Meera Senthilingam
This week, Brian Clegg is on a hunt for a compound hiding in your home.
Brian Clegg
There are some simple inorganic compounds guaranteed to be found around the home that boldly proclaim their presence. Sodium chloride, common salt, is the obvious example. But others are more circumspect, and none more so than manganese dioxide, which is almost certainly lurking in your house, quietly performing its function until you throw it away or recycle it without ever being aware of its presence. This is because it’s a primary component of the zinc-carbon and alkaline batteries that power everything from remote controls to wall clocks. Yet despite the modern feel of this application, manganese dioxide, also known as manganese IV oxide, has been in use for over 30,000 years.

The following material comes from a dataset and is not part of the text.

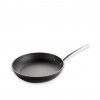 Figideira Antiaderente President 20cm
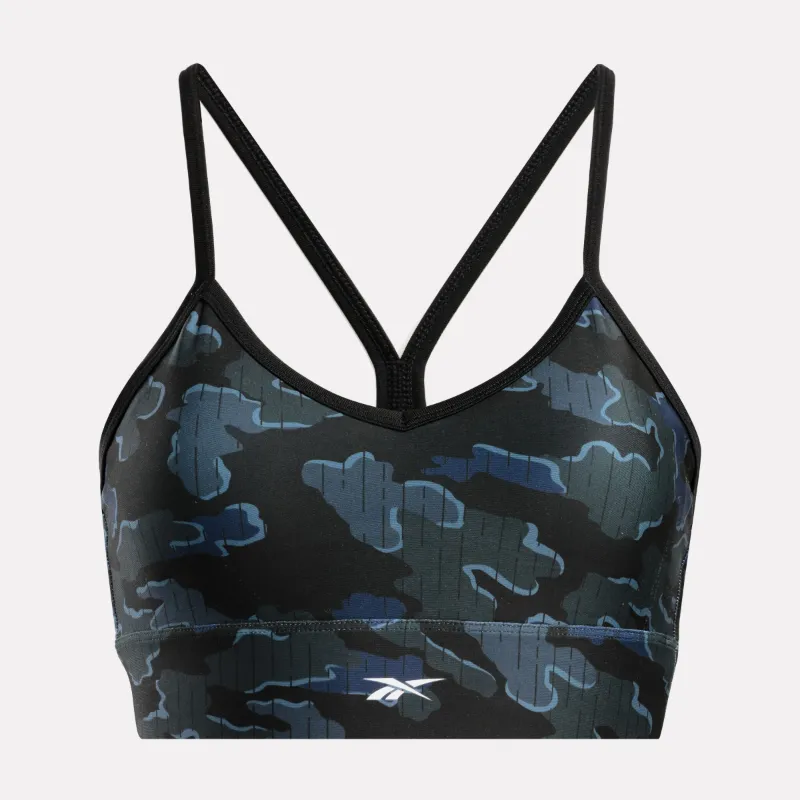 ID Train Camo Bra - Image 6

Cave paintings such as those at Chauvet and Gargas in France make use of a range of mineral pigments, with dark browns and blacks often provided by manganese dioxide as well as charcoal. It is thought that the pigment, which is reasonably resilient on the skin, could have been used for body painting even earlier. Such a long-term use suggests that the powder MnO2, evocatively known as ‘braunstein’ in German, has a natural source, and it does in the mineral pyrolusite, which despite its shiny metallic appearance is relatively easily broken up.

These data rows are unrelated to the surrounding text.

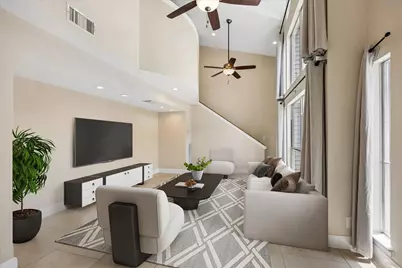 9407 Cranleigh Court, Houston, TX 77096 - Photo 5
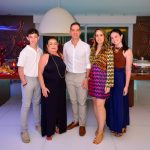 Aniversário Tatiana Luna(13)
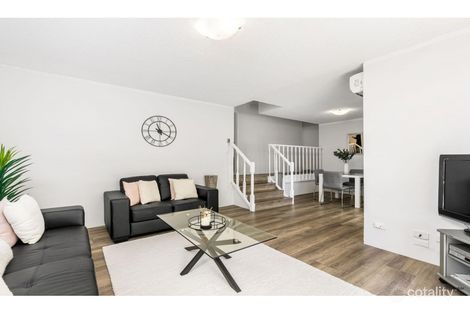 Property photo of 6/18 Brett Street Tweed Heads NSW 2485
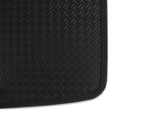 Originale Ford Focus à partir de 04/2018 Tapis de coffre reversible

Because the substance has such a long history it’s difficult to provide a ‘discoverer’, though as pyrolusite is the main source of manganese, when the element was first produced by the Swedish chemist Johan Gahn in the 1770s he had also, in effect, identified the nature of the oxide. Another term for manganese dioxide in pyrolusite form also gave the element its name. An early source was Magnesia in Greece, with the ore first known as magnes, then magnesia, was finally corrupted to manganesium.
In a traditional zinc-carbon battery (more correctly called a cell, as strictly a battery should consist of a series of repeated components), the positive electrode is a carbon rod through the centre of the structure, topped off on the outside by a metal cap. The negative electrode is the zinc outer casing of the cell, this usually has a paper layer impregnated with ammonium chloride paste separating it from the bulk of the contents, which is a mix of powdered carbon and manganese dioxide.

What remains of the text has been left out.